== What needs to be done ==
As an exercise in exact copying, transcribe the lines below from the one holding "The Genesis Machine: Our" through the last, with both ends included and pictures left out.

═════ Information provided ═════

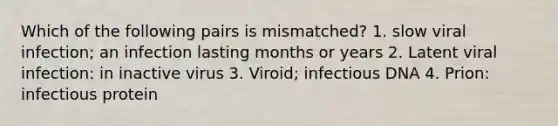 Which of the following pairs is mismatched? 1. slow viral infection; an infection lasting months or years 2. Latent viral infection: in inactive virus 3. Viroid; infectious DNA 4. Prion: infectious protein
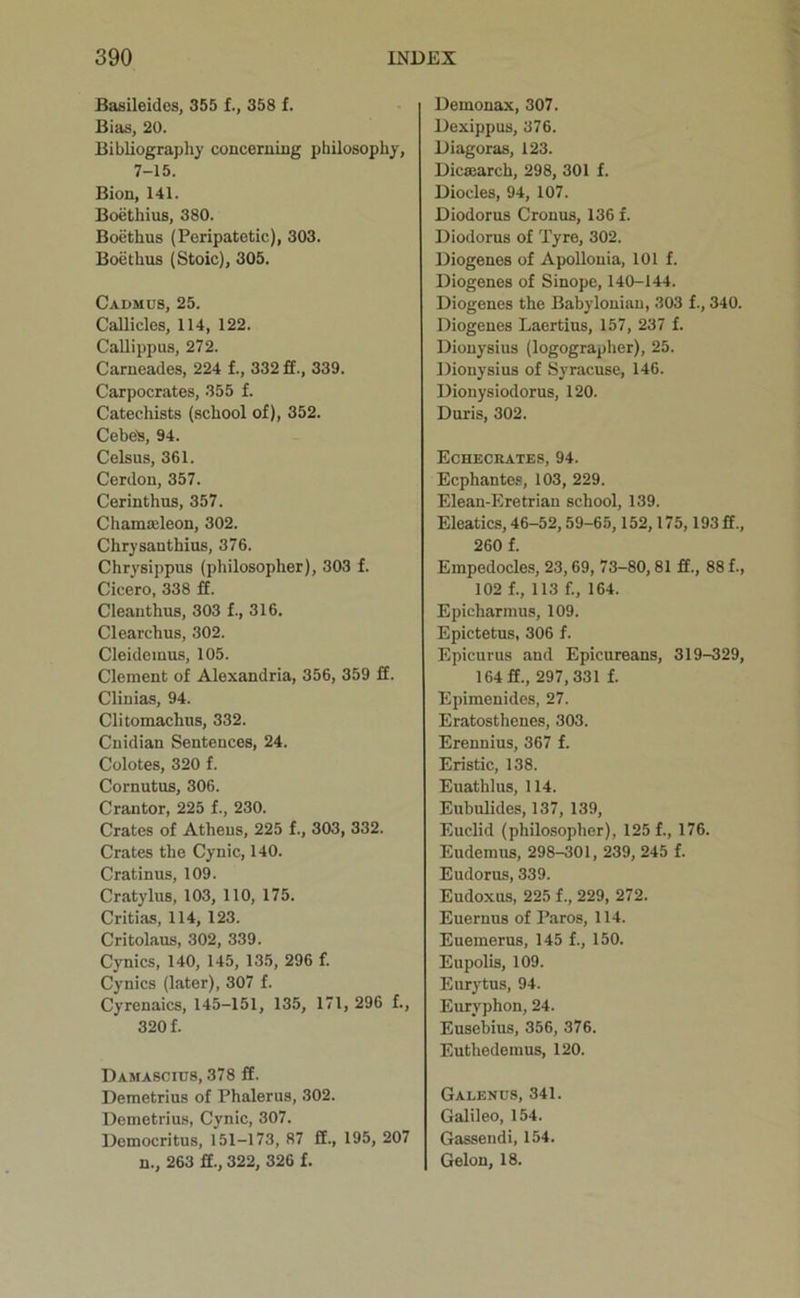 Basileides, 355 £., 358 f. Bias, 20. Bibliograpliy concerning philosophy, 7-15. Bion, 141. Boethius, 380. Boethus (Peripatetic), 303. Bocthus (Stoic), 305. Cadmus, 25. Callicles, 114, 122. Callippus, 272. Carneades, 224 f., 332 ff., 339. Carpocrates, 355 f. Catechists (school of), 352. Cebes, 94. Celsus, 361. Cerdon, 357. Cerinthus, 357. Chamaeleon, 302. Chrysanthius, 376. Chrysippus (philosopher), 303 f. Cicero, 338 £f. Cleanthus, 303 f., 316. Clearchus, 302. Cleidemus, 105. Clement of Alexandria, 356, 359 ff. Cliuias, 94. Clitomachiis, 332. Cuidian Sentences, 24. Colotes, 320 f. Cornutus, 306. Crantor, 225 f., 230. Crates of Athens, 225 f., 303, 332. Crates the Cynic, 140. Cratinus, 109. Cratylus, 103, 110, 175. Critias, 114, 123. Critolaus, 302, 339. Cynics, 140, 145, 135, 296 f. Cynics (later), 307 f. Cyrenaics, 145-151, 135, 171, 296 f., 320 f. Damascius, 378 ff. Demetrius of Phalerus, 302. Demetrius, Cynic, 307. Democritus, 151-173, 87 ft., 195, 207 n., 263 ff., 322, 326 f. Demonax, 307. Dexippus, 376. Diagoras, 123. Dicmarch, 298, 301 f. Diodes, 94, 107. Diodorus Cronus, 136 f. Diodorus of Tyre, 302. Diogenes of Apollonia, 101 f. Diogenes of Sinope, 140-144. Diogenes the Babylonian, 303 f., 340. Diogenes Laertius, 157, 237 f. Dionysius (logographer), 25. Dionysius of Syracuse, 146. Dionysiodorus, 120. Duris, 302. Echecrates, 94. Ecphantes, 103, 229. Elean-Eretriau school, 139. Eleatics, 46-52,59-65,152,175,193 ft., 260 f. Empedocles, 23,69, 73-80, 81 ft., 88 f., 102 f., 113 f., 164. Epicharmus, 109. Epictetus, 306 f. Epicurus and Epicureans, 319-329, 164 ft., 297,331 f. Epimenides, 27. Eratosthenes, 303. Erennius, 367 f. Eristic, 138. Euathlus, 114. Eubulides, 137, 139, Euclid (philosopher), 125 f., 176. Eudemus, 298-301, 239, 245 f. Eudorus, 339. Eudoxus, 225 f., 229, 272. Euernus of Paros, 114. Euemerus, 145 f., 150. Eupolis, 109. Eurytus, 94. Euryphon, 24. Eusebius, 356, 376. Euthedemus, 120. Galends, 341. Galileo, 154. Gassendi, 154. Gelon, 18.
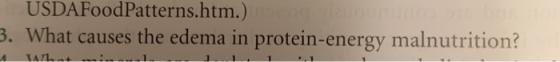 USDAFoodPatterns.htm.) 3. What causes the edema in protein-energy malnutrition? A TAL
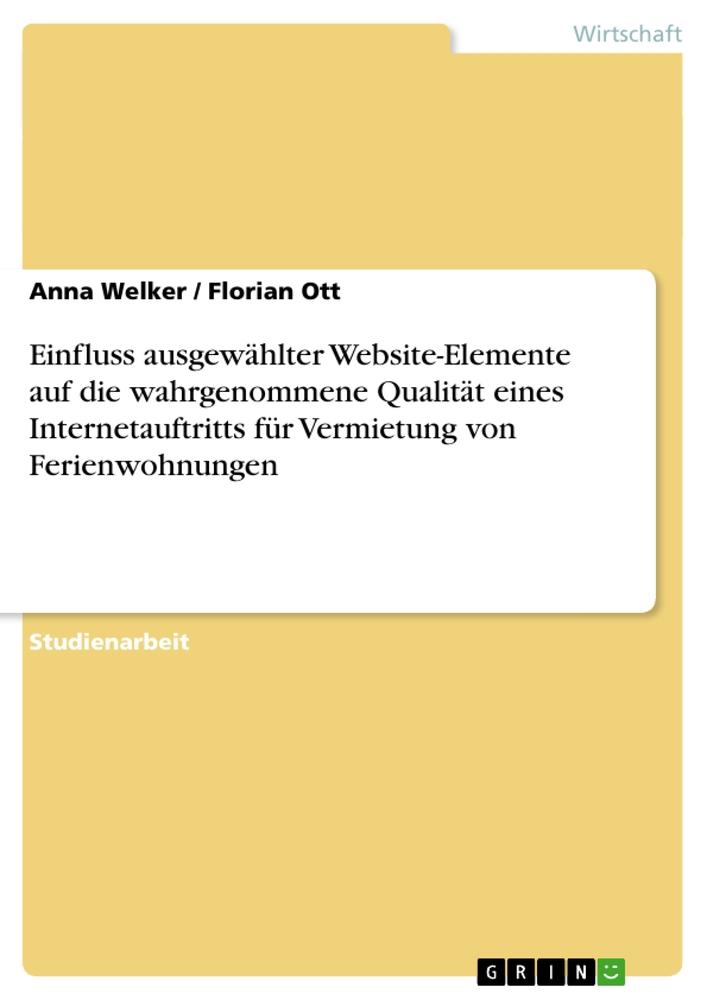 Einfluss ausgewählter Website-Elemente auf die wahrgenommene Qualität eines Internetauftritts für Vermietung von Ferienwohnungen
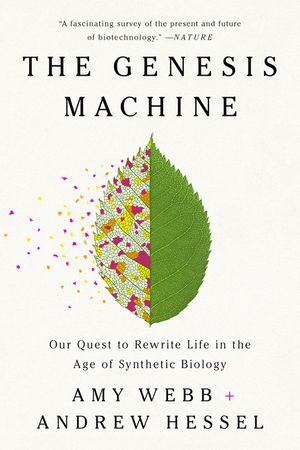 The Genesis Machine: Our Quest to Rewrite Life in the Age of Synthetic Biology image number 0
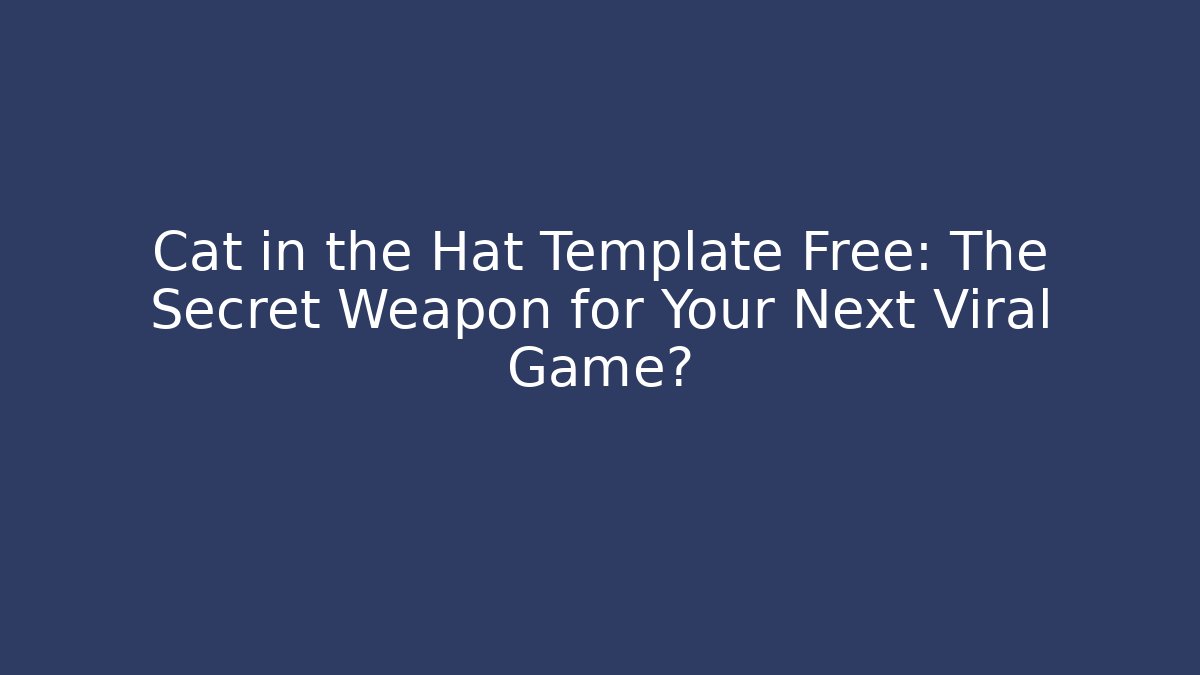 Cat in the Hat Template Free: The Secret Weapon for Your Next Viral Game?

═════

== Written solution ==
 The Genesis Machine: Our Quest to Rewrite Life in the Age of Synthetic Biology image number 0
 Cat in the Hat Template Free: The Secret Weapon for Your Next Viral Game?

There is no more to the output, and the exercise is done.